After all these, I feel insecure and concerned about taking back the 498a wife and the trouble that she and her family members can cause after our reunion. Also, what if we settle for a compromise and I apply for a divorce after a month or so. Can she still file another 498a or DV case against me or my family members. Our lawyer says that my wife can claim maintenance if I apply for divorce. I have a home loan against my name. Will the loan EMI amount be considered while deciding on the maintenance amount.

 

RAKHI BUDHIRAJA ADVOCATE (LAWYER AT BUDHIRAJA & ASSOCIATES SUPREME COURT OF INDIA)     28 May 2010

Dear SS, I do agree with Mr. Veda's views.

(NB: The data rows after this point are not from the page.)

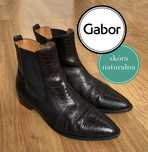 Buty Gabor ankle boots skórzane skóra naturalna brązowe 39,5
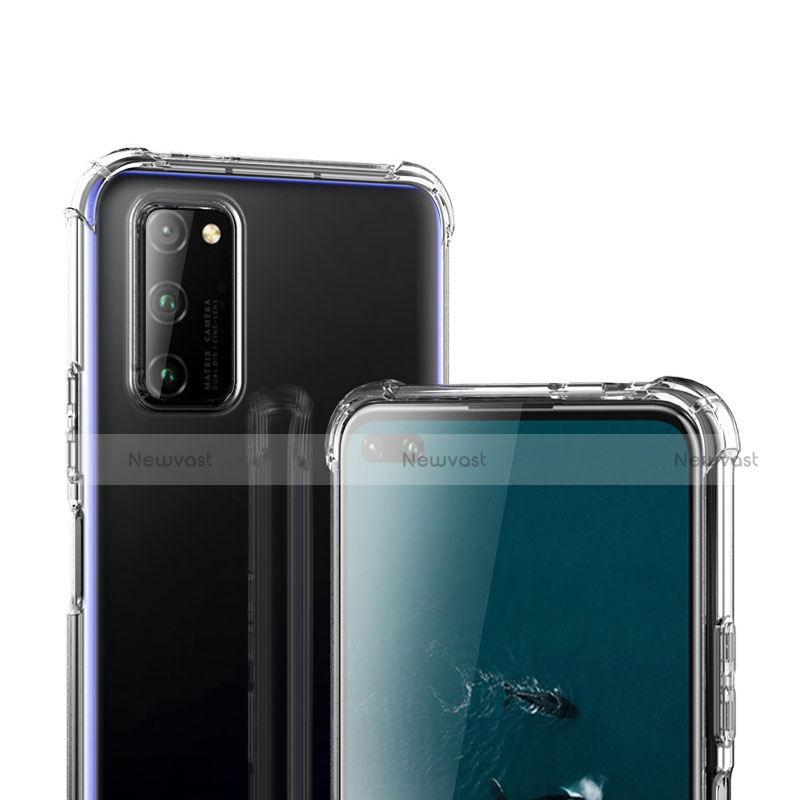 Ultra-thin Transparent TPU Soft Case T02 for Huawei Honor View 30 Pro 5G Clear
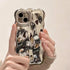 Girly Case for iPhone 11 Silver Plating Curly Wave Frame, Cute Woman Case for iPhone 11 Meteorite Shape, Shockproof Case for iPhone 11 Kawaii Bubb...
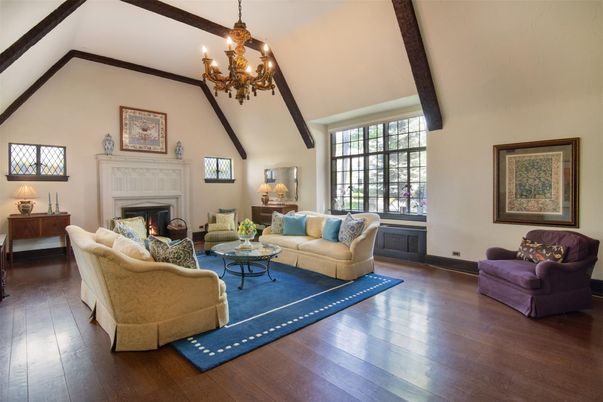 Chandelier, Fireplace, Interior, Living room, Wood Texture Flooring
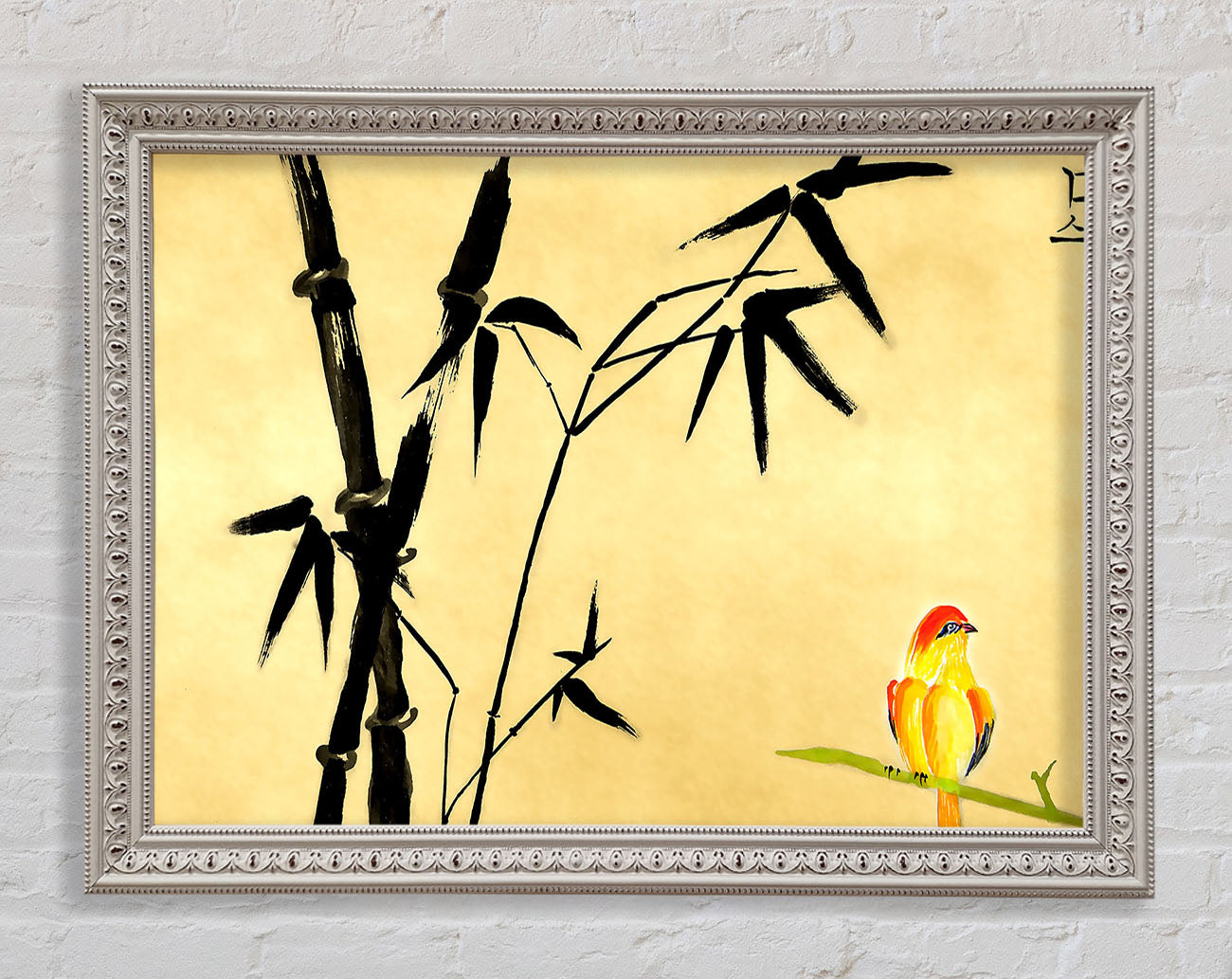 Chinese Bird Painting Framed Wall Art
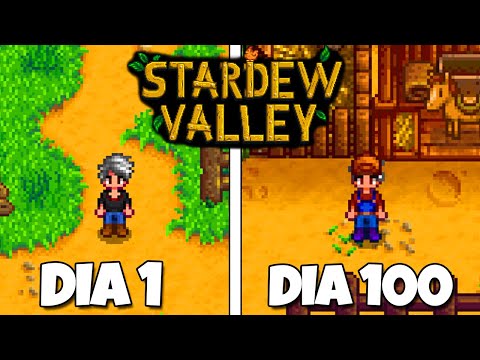 JOGUEI 100 DIAS NO STARDEW VALLEY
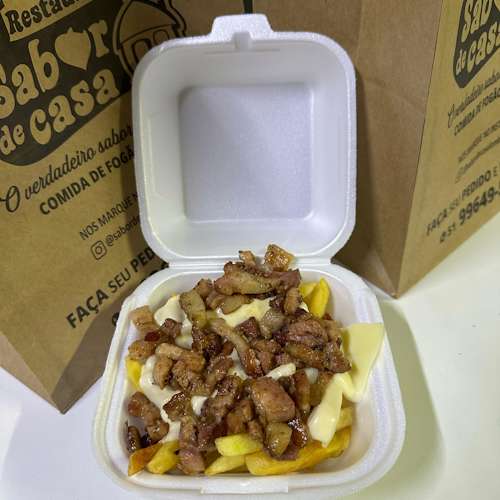 Batata, queijo e bacon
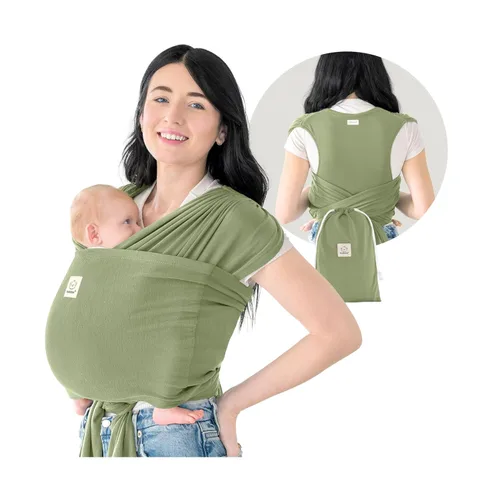 Vista 10 de KeaBabies Portabebés con anillo para bebé, fácil de llevar, portabebés ajustable D-Lite para recién nacidos a niños pequeños, camisa de transporte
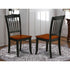 Fresca Dining Chair - Black & Cherry (set Of 2) - Ethereal Company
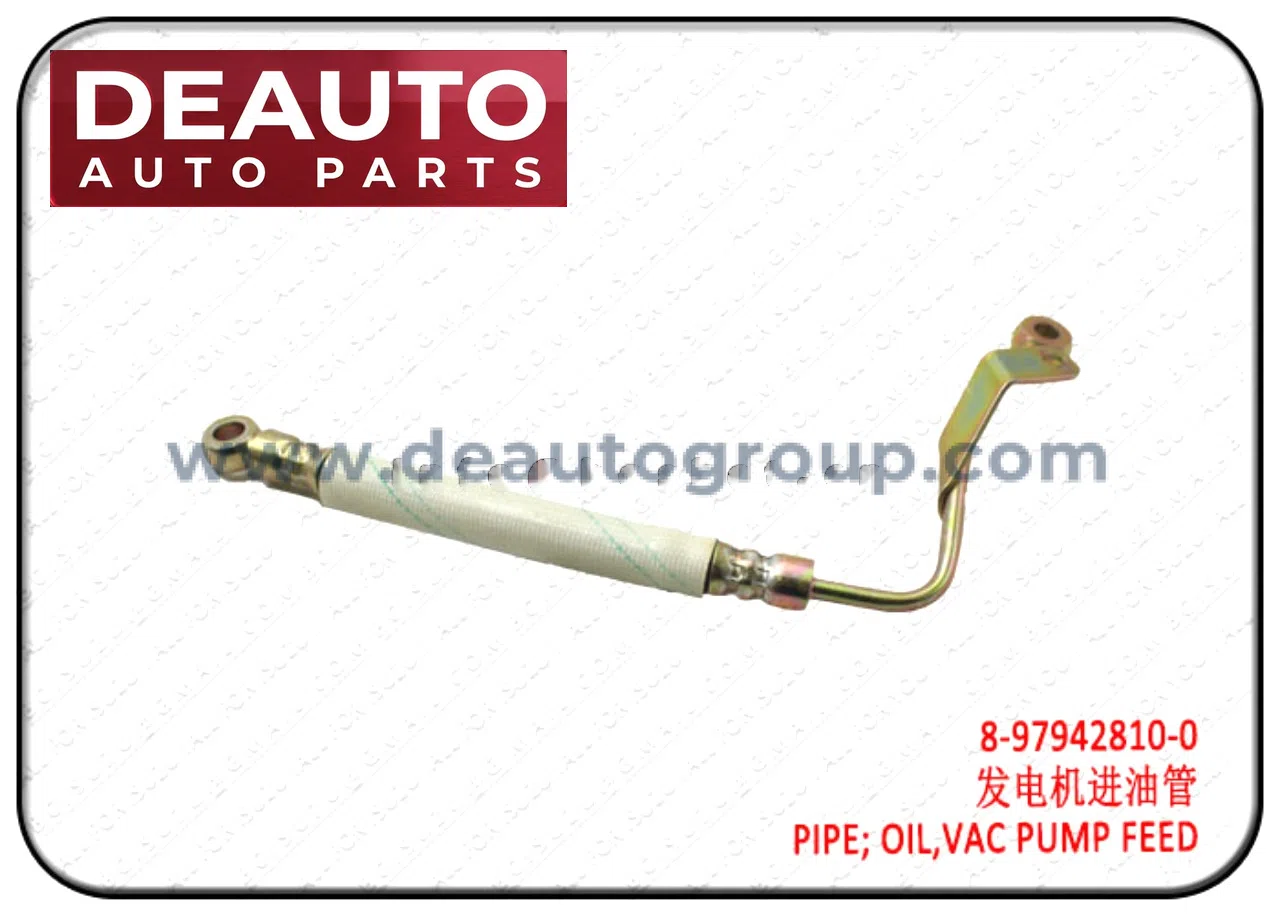 PIPE; OIL,VAC PUMP FEED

LAXMINARAYAN - Sr Advocate. ( solve problems in criminal cases. lawproblems@gmail.com)     01 June 2010

Become political since you are trapped, no use fighting.


(Guest)

Dear SS, your case is only getting murkier and messier.  However, allegations are after all allegations.... Court needs absolute proof and evidence to prove those allegations.   You are still safe since the FIR is not filed yet.

You're probably arriving at the right decision...no point in continuing in such marriage and no use of defending.     If you've really DECIDED to end this marraige, you may then convene a meeting of both sides, in the presence of respective lawyers, and convey your decision for divorce.  498a and divorce are totally two different proceedings. You can any time apply for divorce. Yes - your debts will be considered while deciding maintenance. Also, you could state that your wife is quite well off and has many properties in her name.

You may follow this route... (1) First file 13-B application in the Family court; (2) get the DV case, if any, compounded / withdrawn by your wife/her parents; (3) get the 498-a complaint quashed; and thereafter second motion of 13-B.  Most probably, the 13-B application will proceed for mutual consent divorce.

Be cautious at the compromise stage.  Don't agree to unreasonable demands and don't uprightly pay up any money. You may pay up half money prior to the divorce, and the other half ...after she signs the divorce papers, + withdraws the DV and 498a complaint.

Your lawyer will be able to guide you through this.

Vedaa

SS (Blank)     02 June 2010

Dear Mr. Vedaa,

Thanks for your advise. Will keep you all posted on the outcome of our mediation.


(Guest)

this special species of wives  498a  wives need not be taken bak . after few days she will attempt suicide n wat not. dont take her bak at any cost . teach her a lesson at all costs. engage a good lawyer.


(Guest)

By the way, I'm  "Mrs.Vedaa" and not "Mr."